This invention relates in general to digital signal processing and in particular to generating an auxiliary symbol in place of a decision symbol for adjusting a QAM demodulator as a part of a receiver in which the decision-feedback loops are not yet synchronized.
Decision-feedback loops utilized in quadrature amplitude modulation (QAM) receivers typically need to be quickly brought into synchronization or “lock” when digital signals locked to a quadrature signal pair are received. Such loops are used, for example, for the adjustment of sampling instants, for the adjustment of an equalizer that removes linear distortion during the reception of the quadrature signal pair, or in an automatic gain control circuit to adapt the received signals to the dynamic range.

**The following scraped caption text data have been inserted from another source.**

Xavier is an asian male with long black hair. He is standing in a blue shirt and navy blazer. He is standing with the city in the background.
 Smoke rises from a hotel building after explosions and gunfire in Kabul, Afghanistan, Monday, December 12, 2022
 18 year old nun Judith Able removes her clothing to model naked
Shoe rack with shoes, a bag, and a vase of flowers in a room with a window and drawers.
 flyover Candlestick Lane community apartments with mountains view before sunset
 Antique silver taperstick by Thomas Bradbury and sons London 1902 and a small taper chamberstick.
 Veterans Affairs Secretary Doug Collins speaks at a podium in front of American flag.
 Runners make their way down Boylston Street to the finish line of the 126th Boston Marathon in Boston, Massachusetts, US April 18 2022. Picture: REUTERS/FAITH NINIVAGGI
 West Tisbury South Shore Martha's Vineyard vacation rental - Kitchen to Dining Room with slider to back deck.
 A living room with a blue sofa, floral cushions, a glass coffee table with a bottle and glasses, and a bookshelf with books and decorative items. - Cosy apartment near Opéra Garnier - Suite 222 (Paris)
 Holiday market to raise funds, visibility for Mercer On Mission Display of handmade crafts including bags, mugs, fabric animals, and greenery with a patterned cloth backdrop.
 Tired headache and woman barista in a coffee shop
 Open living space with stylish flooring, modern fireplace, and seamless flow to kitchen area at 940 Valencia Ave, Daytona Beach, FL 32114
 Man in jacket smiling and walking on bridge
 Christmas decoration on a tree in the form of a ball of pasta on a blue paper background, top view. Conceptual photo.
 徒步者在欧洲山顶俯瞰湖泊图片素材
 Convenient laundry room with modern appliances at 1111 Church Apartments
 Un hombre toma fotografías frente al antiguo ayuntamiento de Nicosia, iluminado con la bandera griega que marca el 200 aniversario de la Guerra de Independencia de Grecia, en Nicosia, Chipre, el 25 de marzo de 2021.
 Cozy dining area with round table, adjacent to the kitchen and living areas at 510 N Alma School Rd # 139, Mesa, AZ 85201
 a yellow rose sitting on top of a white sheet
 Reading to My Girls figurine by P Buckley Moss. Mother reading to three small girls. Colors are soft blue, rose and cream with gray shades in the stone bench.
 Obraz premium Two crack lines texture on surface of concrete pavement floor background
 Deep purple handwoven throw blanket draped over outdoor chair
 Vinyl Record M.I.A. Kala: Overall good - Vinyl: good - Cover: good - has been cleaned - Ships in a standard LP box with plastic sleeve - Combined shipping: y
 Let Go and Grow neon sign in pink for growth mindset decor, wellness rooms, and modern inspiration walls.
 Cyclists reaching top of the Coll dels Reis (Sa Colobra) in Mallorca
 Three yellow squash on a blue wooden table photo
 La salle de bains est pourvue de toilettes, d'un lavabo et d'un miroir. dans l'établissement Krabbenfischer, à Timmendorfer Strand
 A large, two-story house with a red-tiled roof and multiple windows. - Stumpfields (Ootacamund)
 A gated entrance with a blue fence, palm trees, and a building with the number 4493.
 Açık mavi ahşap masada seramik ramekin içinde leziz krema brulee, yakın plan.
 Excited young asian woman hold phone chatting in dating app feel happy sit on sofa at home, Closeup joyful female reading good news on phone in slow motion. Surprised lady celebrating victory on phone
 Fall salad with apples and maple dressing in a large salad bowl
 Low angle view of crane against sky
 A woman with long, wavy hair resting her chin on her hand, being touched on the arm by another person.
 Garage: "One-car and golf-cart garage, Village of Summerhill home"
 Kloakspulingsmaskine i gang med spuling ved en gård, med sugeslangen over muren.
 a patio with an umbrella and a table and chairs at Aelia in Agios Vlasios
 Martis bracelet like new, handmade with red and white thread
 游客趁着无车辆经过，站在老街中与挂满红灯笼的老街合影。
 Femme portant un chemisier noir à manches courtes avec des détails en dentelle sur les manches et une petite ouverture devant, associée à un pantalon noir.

In encoded form, these digital signals, which may also be referred to as symbols, may represent a single-bit or multiple-bit binary value. Encoding for transmission may be accomplished via the quadrature signal pair, which corresponds to a vector that at given instants of time takes up discrete positions in the amplitude and phase space of the quadrature signal pair. These instants of time typically follow each other at equal intervals and generally are sampled by the sampling clock pulses as precisely as possible. Besides QAM, another typical transmission method is phase-shift keying (PSK).
In a conventional receiver for receiving digital signals, a complex multiplier or mixer, which may be controlled by a local oscillator, may downconvert the received QAM signal, which may be modulated onto a carrier frequency for transmission, to the baseband frequency. If digital signal processing is used, this downconversion can take place prior to or after analog-to-digital conversion, with the signal advantageously being sampled and digitized at the symbol rate or a multiple thereof. If the digitization rate is an even-numbered multiple of the symbol rate, each of the symbol clock pulses typically coincides with a sample value. The digitization rate may advantageously be locked to the recovered symbol rate via a phase-locked loop. Instead, if the digitization rate is free running in relation to the symbol rate, the symbol may be formed as time information via an all-digital sample-rate conversion. In this manner, a temporal interpolation between the digitized sample values of the received digital signal may be controlled. Automatic gain control circuits help to achieve a relatively high utilization of the respective dynamic range and to map the received symbols onto the symbol decision stage. An adaptive equalizer typically reduces intersymbol interference, which may result from linear distortion caused by the transmitter, the transmission path, or the receiver.
In prior art demodulators for QAM or PSK signals, the circuits for controlling the frequency and phase of the local oscillator (e.g., the automatic gain control, the symbol clock recovery, and the adaptive equalizer) typically look at the differences between the received symbol and that element of the predetermined symbol alphabet which may be regarded by a decision stage as the most probable symbol that matches the received symbol. This type of control over the decision symbol is usually referred to as decision-feedback control. Since in prior-art digital demodulators the decision-feedback loops are coupled together, bringing these loops into a synchronization or lock condition may be difficult to achieve in a relatively rapid timeframe as long as the control for the carrier of the local oscillator is not yet stable in frequency and phase.
Frequently, the synchronization or lock condition of the decision-feedback loops can be achieved if the respective frequencies and phases are relatively close to their desired values. Examples of decision-feedback loops are found in a book by K. D. Kammeyer, “Nachrichtenübertragung”, published by B. G. Teubner, Stuttgart, 2nd edition, 1996, pages 429 to 433, in Chapter 5.7.3, “Adaptiver Entzerrer mit quantisierter Rückführung”, pages 200 to 202, in Chapter 5.8.3, “Entscheidungsrückgekoppelte Taktregelung”, pages 213 to 215, and in Chapter 12.2.2, “Entscheidungsrückgekoppelte Trägerphasenregelung im Basisband”, pages 429 to 431.
What is needed is a QAM demodulator that utilizes a relatively more reliable auxiliary symbol instead of a relatively less reliable decision symbol to adjust the decision-feedback loops within the demodulator.